Category: Starters

Croquetas de Carne with Peruvian Salsa

Hola Amigos!  Today we are taking a trip to South America via Good Housekeeping’s World Cookery (1972) for some croquetas de carne from Argentina.  And to accompany them we are staying on the same continent but jumping forward in time to 1990 for some Peruvian Salsa.    OMG, these were good!  I mean not good for you – these are a treat for once-in-a-while.  But…for those times when you get a craving for meaty cheesy fried balls with a spicy salsa…these will become your go-to.  And once you have tried these croquetas de carne, believe me, those cravings will come far more regularly than before!

Meat Croquetas

Croquetas de Carne

I have made croquettes once before with a ham and egg filling and the method was quite different.  In that recipe, you made a fairly thick bechamel and then combined the ham and hard-boiled eggs and some herbs into the bechamel.  With this one, you make your meat filling and then the roux/bechamel-type sauce in the same pan as the meat.  It was kind of nifty as it meant you only used one pan.  And less washing up is something that always makes me happy! 🤗

The croquetas de carne reminded me of our Sri Lankan short eat of Frikkadels which are also crumbed fried meatballs.


Meat Croquetas2

Croquetas de Carne – The Recipe

Croquetas recipe

As good as these croquetas are, they did lack a little something-something.  The croquetas are very rich; there is meat and cheese and a fried crumb!  I felt something was needed to cut through the heaviness of the croquetas.  Now, it just so happened that I made the croquetas on the same day that I wrote the post on my  Moscow Potatoes.  It was incredibly serendipitous that as I was begining to think about what I might serve with the croquetas that I happened to have the magazine page that contained the recipe for the Moscow Potatoes and Peruvian Salsa open right in front of me!  Even better, I had all the ingredients for Peruvian Salsa in the house!

The chilli and lime in the salsa cut through the richness of the croqueta’s perfectly!

A match made in heaven!  Or South America as the case may be.

Peruvian Salsa

Peruvian Salsa – The Recipe

Peruvian Salsa recipe

A Return to The Compton-Batts

It wasn’t until just now that I had probably a tenth look at the  menu put forward by the Compton-Batts that I realised how…well the magazine article calls their menu eclectic.  I would probably go with batshit (erm Battshit anyone???) crazy.  Here it is:

  • Moscow Potatoes
  • Pickled Fish
  • Blackened Tuna Sashimi
  • Chilli Stir Fried Lamb
  • Peruvian Salsa
  • Vegetables Cooked in Virgin Olive Oil
  • Asparagus with Parmesan
  • Berry Pudding with Armagnac Chantilly

First that is a LOT of food.

Second, it is a lot of food that does not really go together.

The Moscow Potatoes are, if not exactly Russian, inspired by Russia.

We then move across to…I don’t know where for the pickled fish.

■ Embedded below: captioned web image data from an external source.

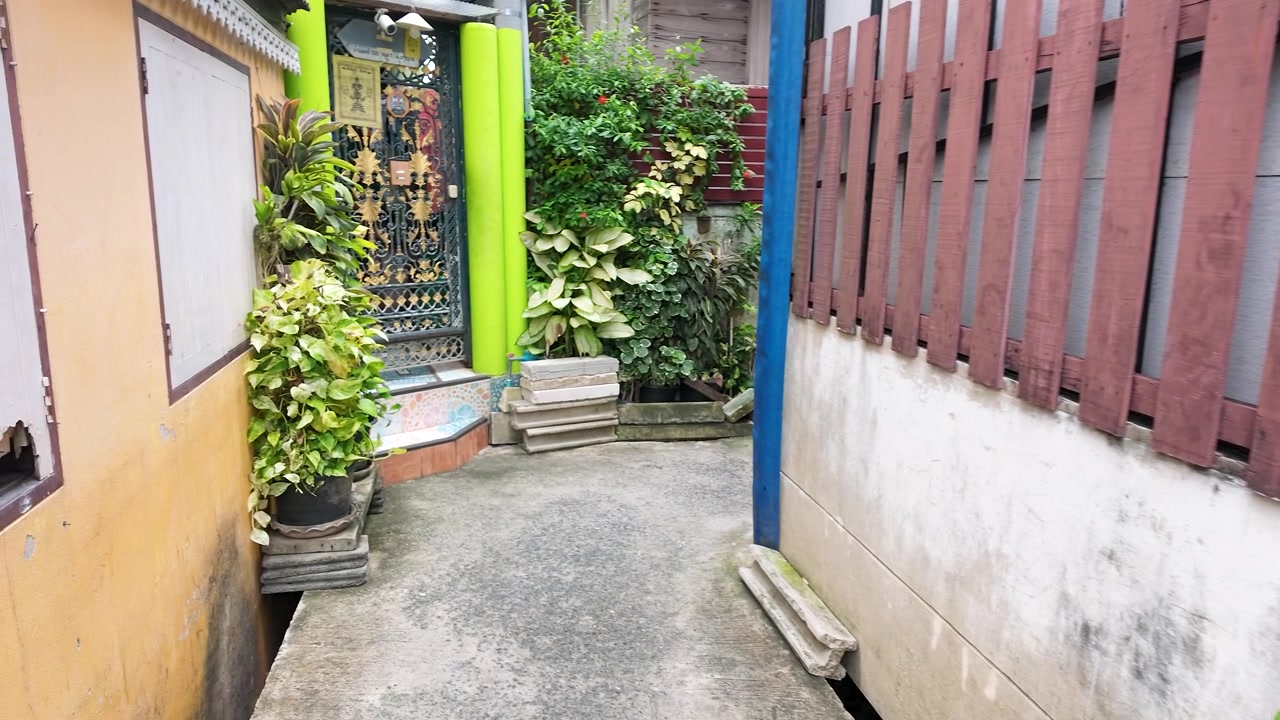 Handheld panning shot of clay pots and garden greenery along a fence in Koh Kret.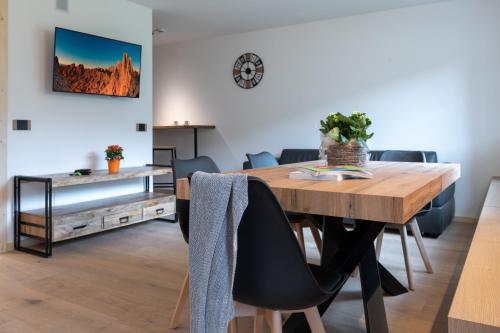 ein Esszimmer mit einem Holztisch und Stühlen in der Unterkunft Casa Paolina - Alpine Stay Apartments in Tesero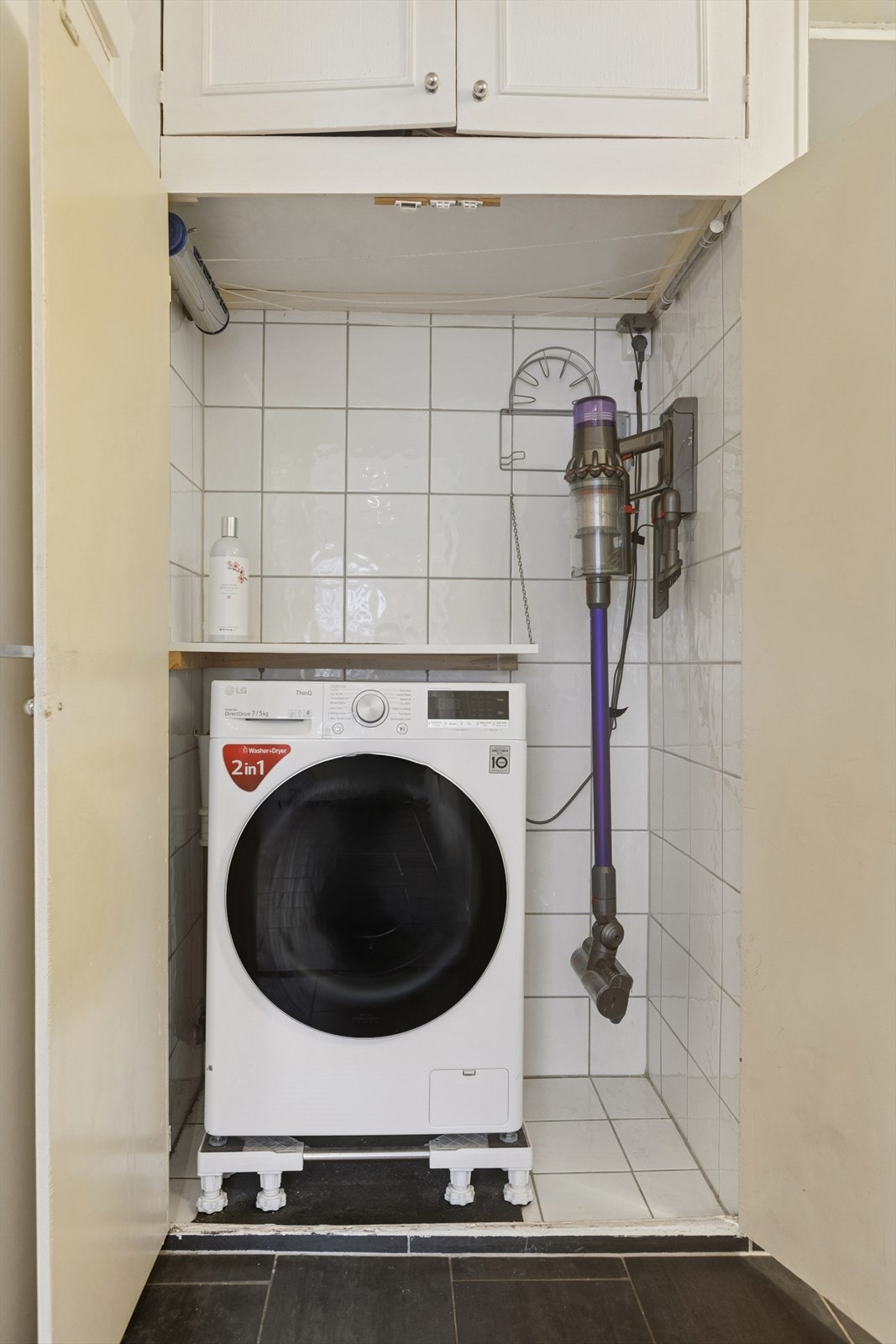 Skap i entré med opplegg for vaskemaskin. Her er det fliser på vegger og gulv. Galleribilde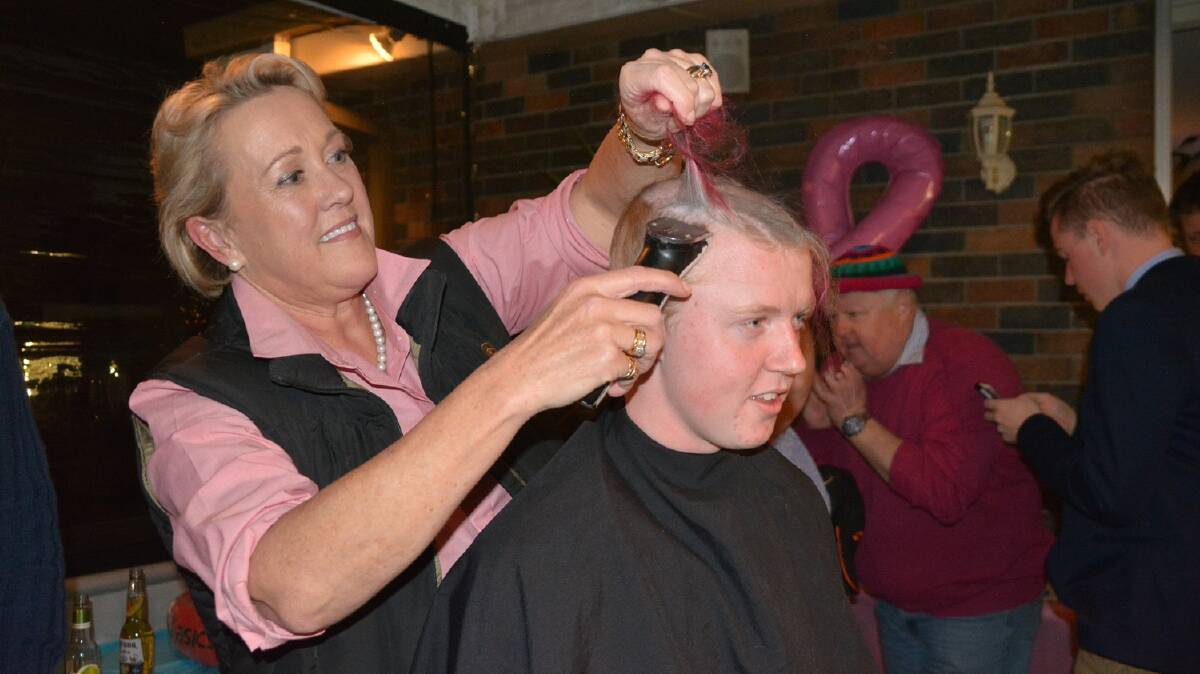 GOOD CAUSE: Belinda Barnes shaves Sam Carmichael’s head at the Head Shave event which was raising money for  the Armidale oncology unit and promoting awareness for male breast cancer.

I initially would have thought this might be an escabeche so Spain, but there is ginger in the recipe which I don’t think is traditional in an escabeche.  There is coriander in the garnish and coriander and ginger to me says Asia.  I will say though that the recipe sounds delicious and I may well end up making it!  Also, the recipe says to use white fish but the picture of the pickled fish looks like salmon to me.  So the pickled fish is an enigma all round.  Here’s a picture of it

Pickled Fish
Pickled Fish

The sashimi is obvs Japanese.  But why would you have pickled fish and sashimi?

Then we have Chilli Stir Fried Lamb which uses a Chinese cooking method combined with Indian-style spices such as cumin and cardamom.

And the Chinese / Indian main is accompanied by a salsa from Peru.  Which it doesn’t really need given it already has chlllies and lemon in it.

Also accompanying our stir fry we have some vegetables roasted in olive oil and some asparagus with Parmesan which for simplicity I am going to say is Italian-influenced.  Here’s a pic of the asparagus which is drowning in olive oil.  So again, two sides both drenched in olive oil and neither works particularly cohesive with the main dish!

Asparagus with Parmesan
Asparagus with Parmesan

Then for dessert there is a berry pudding (not a pudding but some berries soaked in port and Cabernet Sauvignon) served with an Armagnac Chantilly.  So French inspired.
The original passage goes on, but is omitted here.